五将氏がここでも勝って、5連勝は称賛に値する。


余談
私は近所のこども文化センターで囲碁教室を主宰し子供に囲碁を教えているが、
小さな子が一生懸命考えて碁を打っている姿を見るとこころが和みます。
子供と対局している時、とれそうな石もとらないで相手が気づくのを待ちますが、
大会(特に団体戦)ではそうもいかないのがつらいところです。
余談の余談
大会半ば、対局が終わって場内をぶらぶらしていると、外国人が観戦してしていた
ので、声を掛けて見た。

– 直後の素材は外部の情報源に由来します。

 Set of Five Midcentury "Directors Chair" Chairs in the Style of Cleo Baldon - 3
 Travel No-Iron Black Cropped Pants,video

30歳くらいの若者で、昨年チェコで開催された EGC* の
Tシャツを着ていたので、その話をしてみると彼(ドイツ人)も参加していたようだ。
初対面だったが打ちあげに誘って「勝利の杯」を一緒に傾けた。
囲碁ですぐ仲良くなれるんです! 本当にいいですね~!!
(EGC:ヨーロッパ囲碁大会)

以上(記:兵藤 進)
◎大会成績
IBM碁冠
学生囲碁連盟琥珀 2-3
府中ふれんど 3-2
早稲田大学OB 1-4
まーくんファンクラブ 1-4
IBM碁朗丸
チーム橋本 4-1
府中ふれんどB 5-0
NEC 2 1-4
さくらエンジニアリング 5-0
糸島高田碁会所 2-3
4位入賞
IBM碁悦同舟
日本コムシス 3-2
学生囲碁連盟真珠 4-1
啓石会 B 2-3
長谷工 3-2
IBM碁理夢中
IGO 研究所PPS 3-2
味坊の集い 3-2
困ったときのコミだのみ 4-1
日本ユニシス 3-2
啓石会 B 4-1
優勝


◎成績優秀者
Bクラス 五将 長井憲章 5戦全勝
Bクラス 五将 瀧賢史 4戦全勝
Aクラス 副将 徳田隆行 4勝1敗
Aクラス 四将 鈴木武 4勝1敗
Bクラス 三将 兵藤進 4勝1敗
◎総評
無差別は囲碁を楽しみ、Aクラス、Bクラスは実利をあげました。
今回は久しぶりに表彰台にたつことができて良かったです。
一方で小学生に負けてショックだった選手もありましたが
このような対戦ができること自体が碁のよさだとおもいます。
Cクラスには山崎さんや藤田聖羅さんまで出場していてにぎやかでした。
また、Europa Go Congressのシャツを着ていたドイツ人の方と
すっかり仲が良くなり、いろいろと囲碁事情を聞くことができたのも
良かったです。次回以降、多くの皆様の参加をお待ちしています。